This is the view of Professor Bennard van Ravenzwaay in his inaugural speech on accepting the endowed chair in Reproduction and Developmental Toxicology at Wageningen University on 2 May. His chair will be funded by BASF and is part of the sub-department of Toxicology.
In his inaugural speech, Innovative approaches to reduce animal testing, Professor Van Ravenzwaay reviews the ways in which animal testing using rats, mice and fish can be reduced. To support his view, he uses the information generated by such animal testing and explores whether that knowledge can be acquired in other ways. He identifies three fields in which improvements are possible: reduction, refinement and replacement. This therefore extends beyond simply looking for alternatives to animal testing.
By the term reduction, Professor Van Ravenzwaay refers to studies where a minimum number of animals are required to provide clear insight into the potential danger and risk assessment, yet enough to confirm that the research is also reliable. Refinement refers to the avoidance of the most harmful and stressful situations for test animals, for example by only testing on one part of the animal, such as the ear. Professor Van Ravenzwaay wishes to extend the concept refinement with modern methods which make additional animal testing redundant. The so-called ‘omics’ sciences provide such opportunities. These include new study areas like proteomics (about proteins), transcriptomics (about genes and their expression) and metabolomics (about natural substances in the body). ‘Omics data give us insight into how a substance works in the body, so that we need fewer studies and fewer test animals,’ according to Professor Van Ravenzwaay.
Replacing test animals
Replacement of test animals is ethically and socially the primary advantage of in vitro studies. But Professor Van Ravenzwaay also mentions other benefits like the opportunity to study more precise issues which are difficult to answer in live animals. ‘Two things are important here: you want to know what a substance does to the body, but at the same time what a body does to a substance. In vitro studies cannot answer all these questions. We are therefore developing computer models which make the connection between cells in a test tube and a real animal.’
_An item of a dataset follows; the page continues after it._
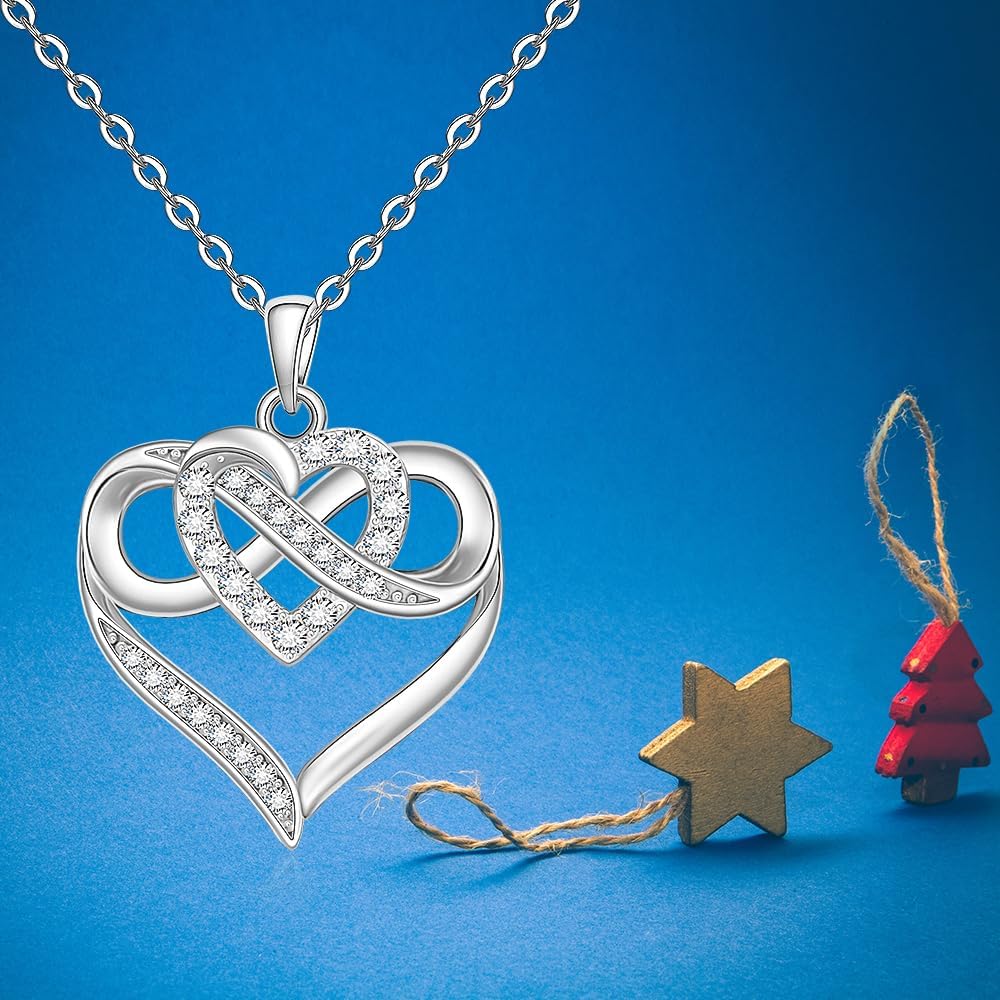 Fenthring Heart Necklace Infinity Necklaces for Women 925 Sterling Silver Infinity Heart Pendant Jewelry for Mothers Day - Image 9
However, the Wageningen Professor of Reproduction and Developmental Toxicology says that current animal tests, while still essential for assessing safety, are not always optimal. ‘Aspirin – sometimes called the world’s eighth wonder – would never have been marketed if its toxicological potential had been evaluated against current standards. Studies have shown that aspirin can cause malformations in rats. However, we know that this is not the case in humans. Clearly animal testing does not always provide the correct answer and it is important to improve our understanding about the way in which a substance is toxic.’
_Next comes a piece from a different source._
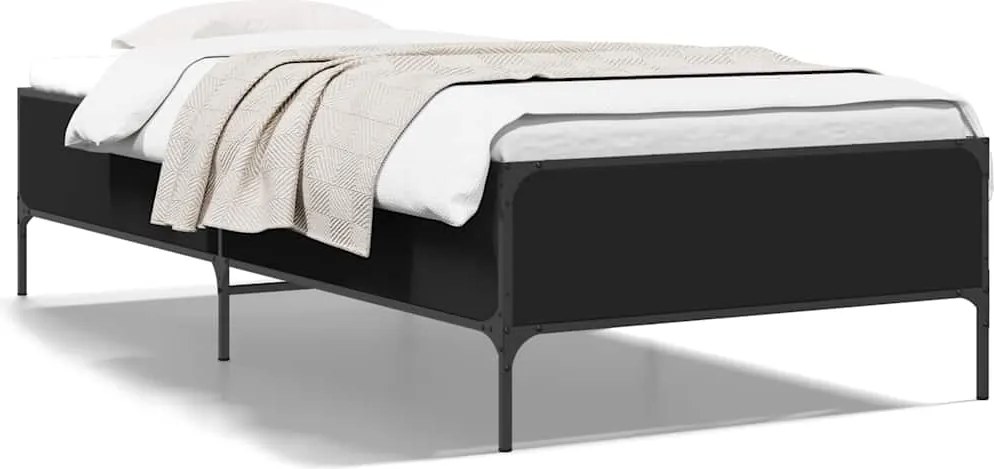 vidaXL fekete szerelt fa és fém ágykeret 90 x 200 cm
Finally, the amount of required test substance in in vitro tests is much less than the mass required in animal testing. A small in vitro study only requires a couple of milligrams, while animal testing easily uses several hundred grams of the substance used. Creating a new substance with special biological properties (such as drugs) is often more expensive than its weight in gold. With in vitro tests, the main adverse effects, such as mutagenicity, endocrine activity, development toxicity, etc. can be discovered very early on in the development of a new substance. This means that a decision can be taken much sooner about whether further development (and the associated animal testing) is useful. ‘In vitro tests thus speed up the selection process considerably,’ according to Professor Van Ravenzwaay.